The subdudes surely qualify for mastery under Gauguin’s definition. They took their collective musical heritage of raucous Louisiana roots rock, shook it up in a gris-gris bag of R&B, zydeco, country, blues and jazz, and in a mystical birth gave us back a swampy, soulful, joyful, danceable music—a soul-stirring sound nobody had ever heard. But it’s Edison’s ruleless creative ethic that really captures the essence of the subdudes. A tambourine as the centerpiece of the rhythm section? Three-part harmonies more pulpit than party calls? A sweet, sparse accordion more pillow than punching bag?

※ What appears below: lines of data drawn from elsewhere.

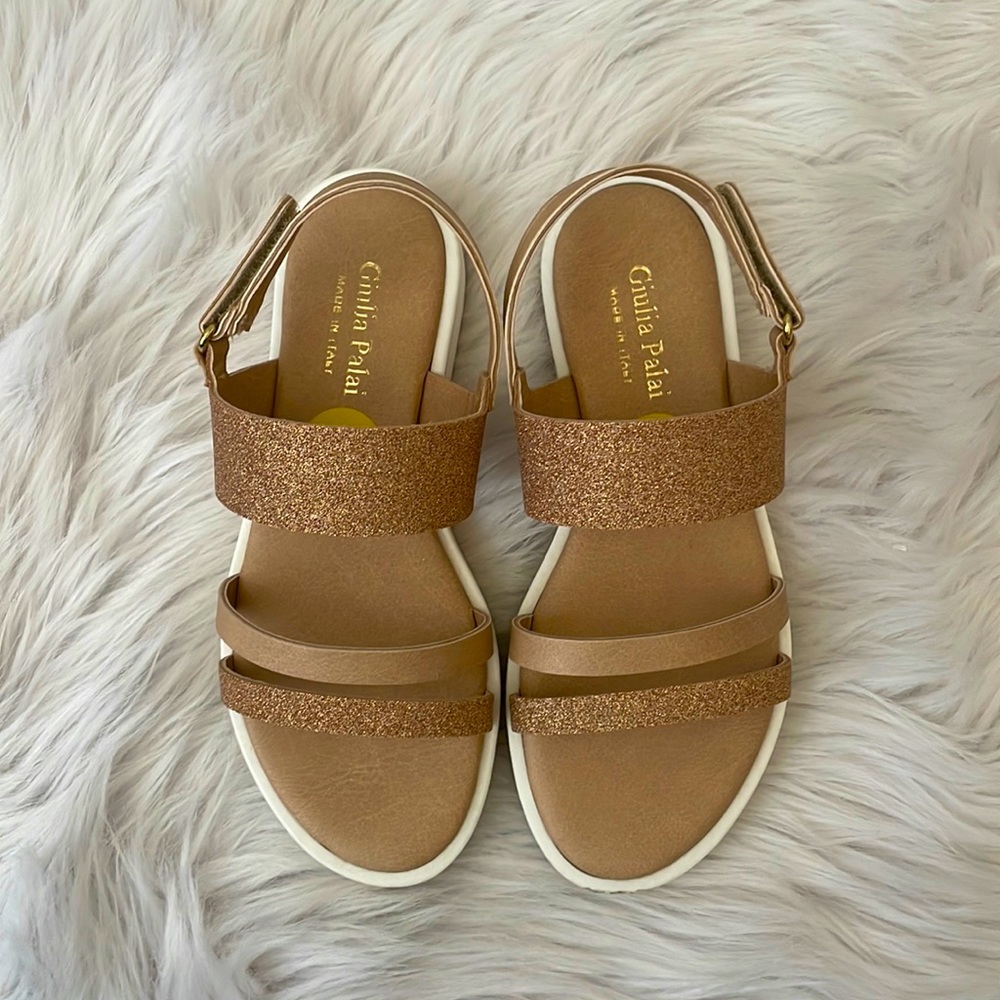 Giulia Palai Sandal - size 1 / gently worn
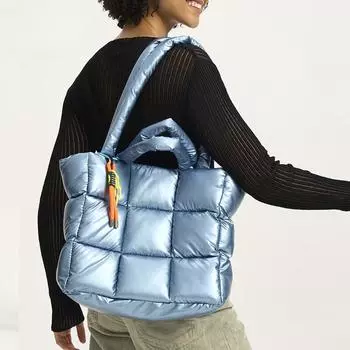 Квадратная сумка-тоут женская зимняя мягкая наплечная нейлоновая большая вместимость Cloudy Bag серебряный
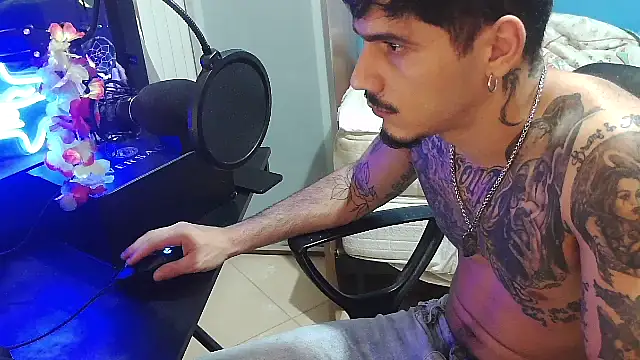 Snapshot of Badboyi1997 chatting on October 17, 2025, 1:53 am Badboyi1997 online show from October 17, 2025, 1:53 am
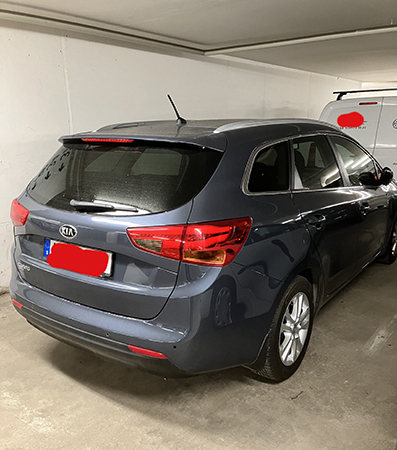 Bilen på sin nya garageplats Bilen på sin nya garageplats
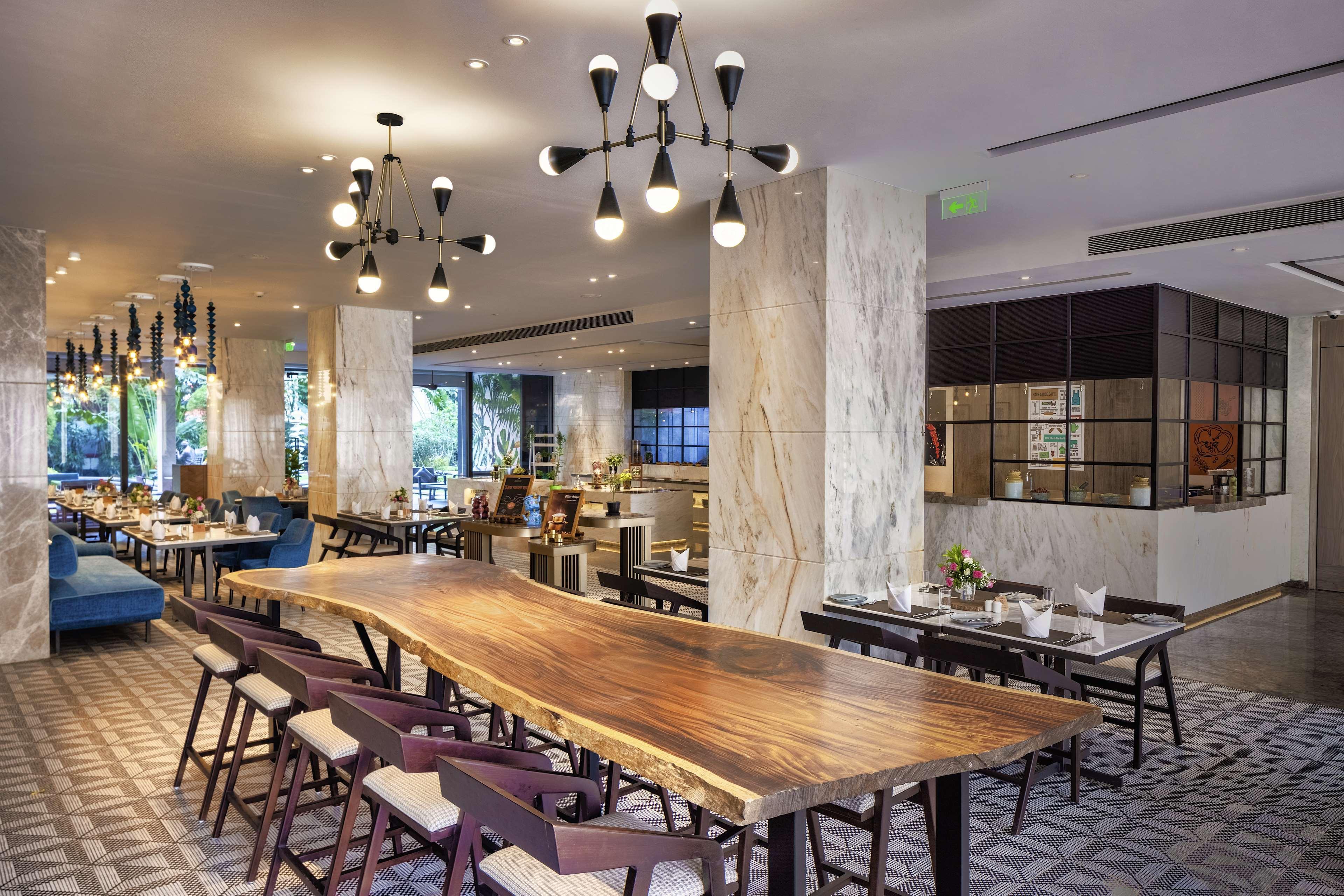 Отель Radisson Blu Mumbai International Airport Экстерьер фото The restaurant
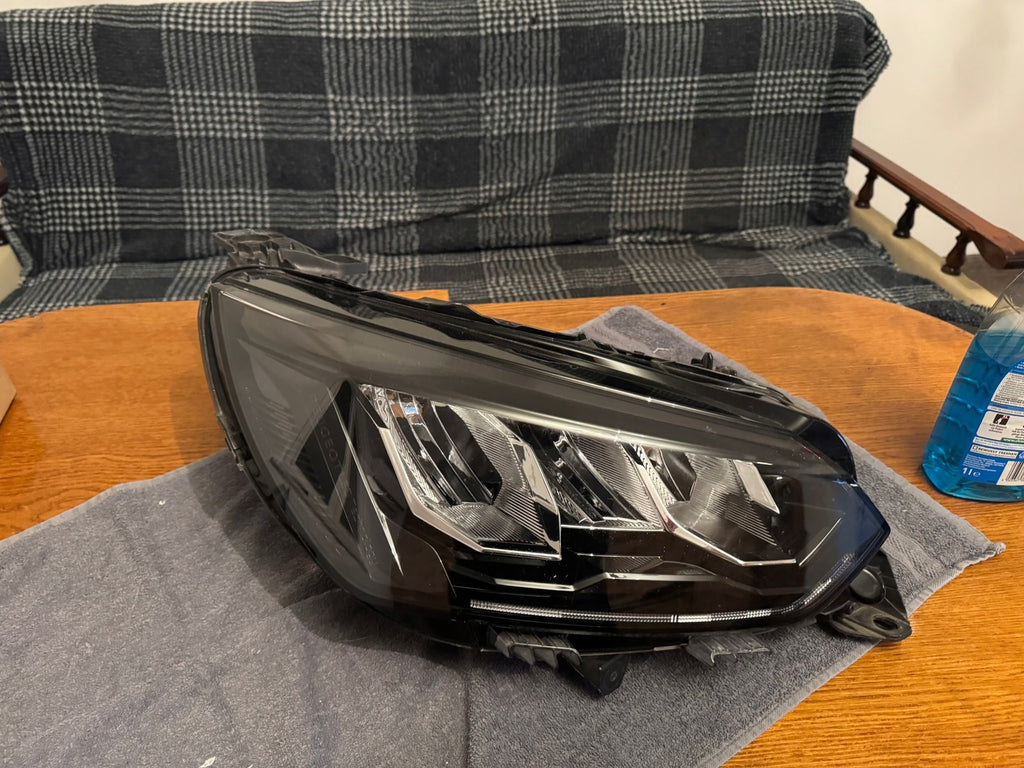 Frontscheinwerfer Peugeot 2008 208 II 9833036180 90200108 Rechts Headlight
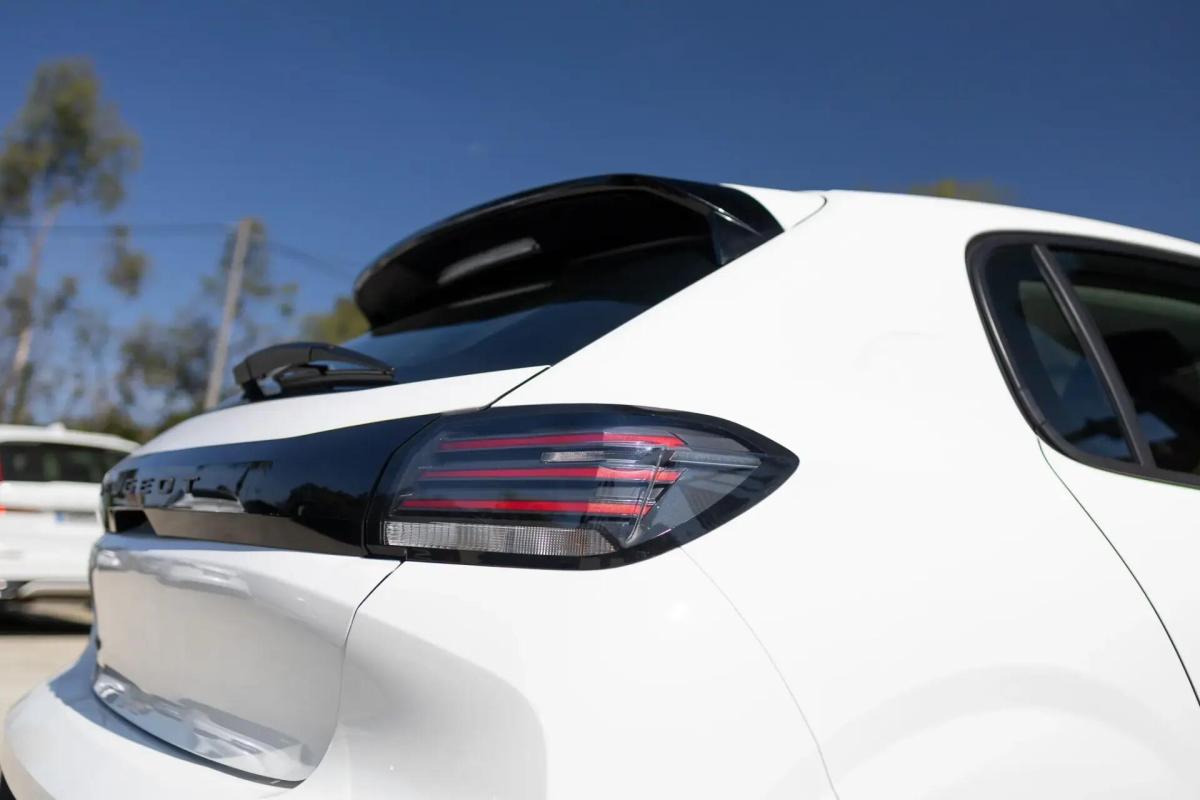 peugeot-208-2024-gasolina-1199cc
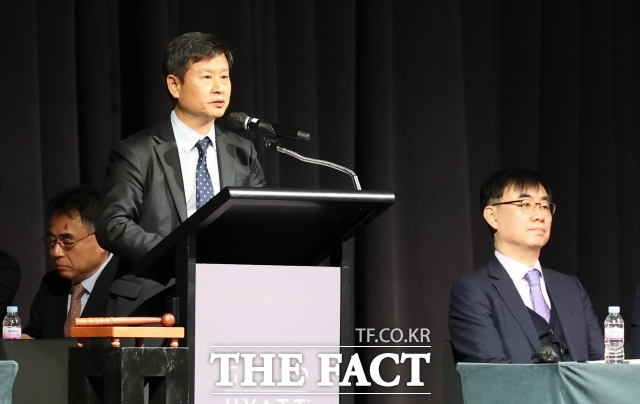 박기덕 고려아연 대표이사가 지난 1월 23일 서울 용산구 그랜드하얏트 서울에서 열린 고려아연 임시주주총회에서 개회를 선언하고 있다. /서예원 기자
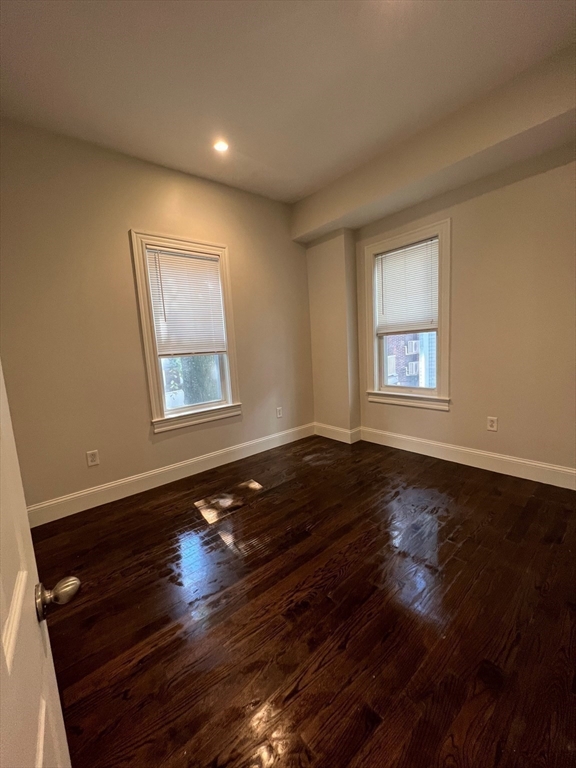 2 bed, 1 bath apartment for rent at 116 Dorchester St Unit 1, South Boston — photo 9 of 13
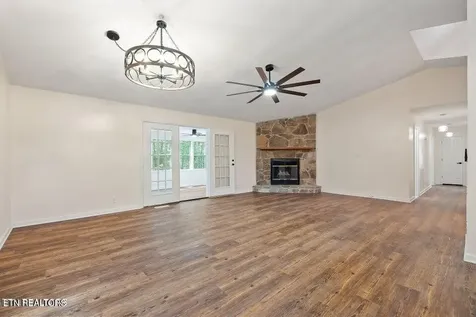 334 Lakeview Drive Crossville TN 38558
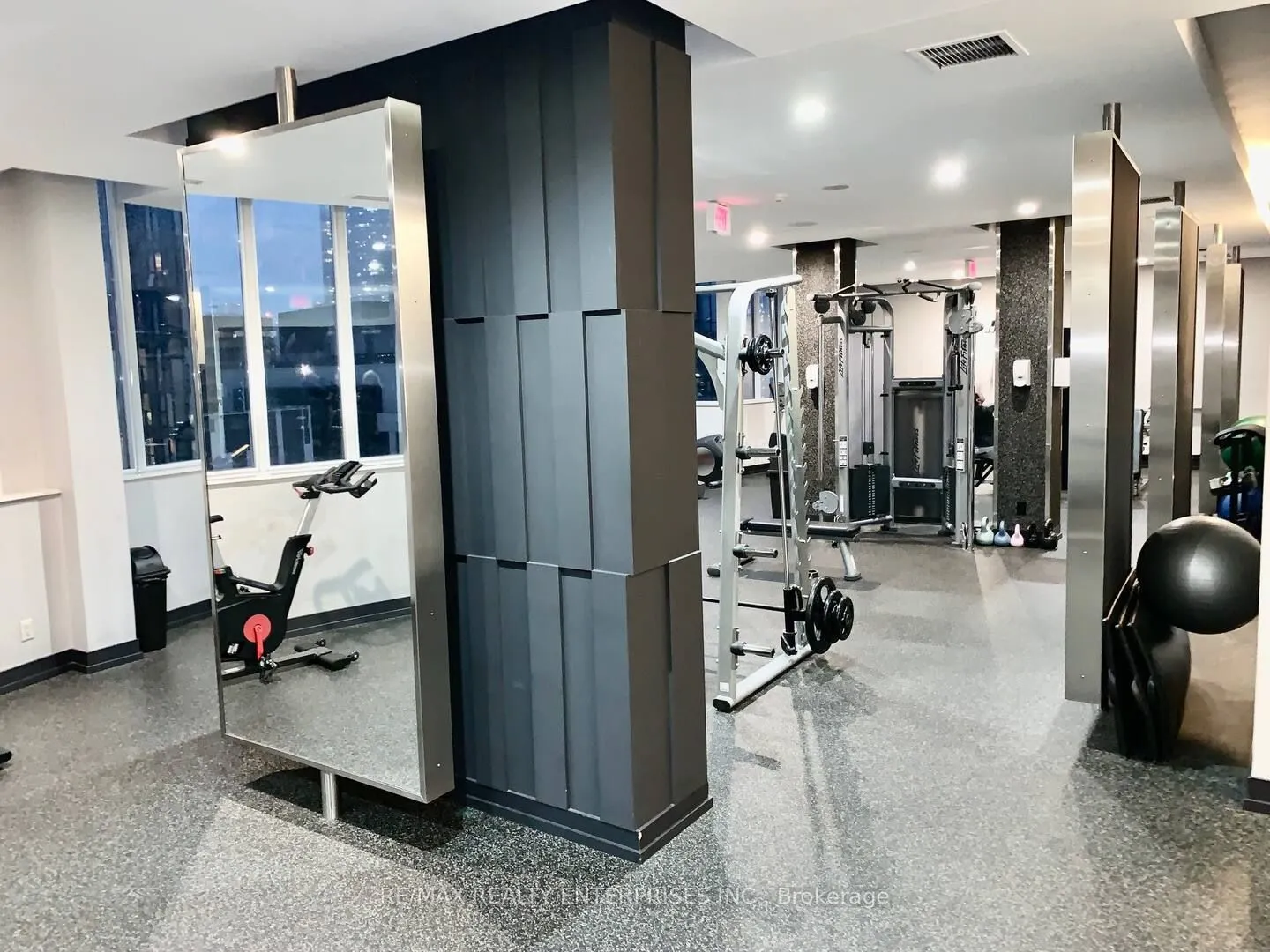 250 Wellington Street W, #1435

And then, breaking The Big Rule for a rock band, they turned down the volume.
Ten years and five albums later, though, the band member “ran out of steam,” as they said back then, and the subdudes were no more. Fans were heartbroken and dismayed. Now, after an eight-year absence, a renewed, reformed subdudes have released a new record, Miracle Mule.
The core of the band, Tommy Malone, John Magnie and Steve Amedée, and its signature sound—exquisite vocal interplay, Malone’s inimitable slide guitar, Magnie’s sweet, subtle accordion and Amedée’s brushed and thumped tambourine—are fully in place. But time, wisdom and some notable changes to the lineup have given fans their favorite band back. And then some.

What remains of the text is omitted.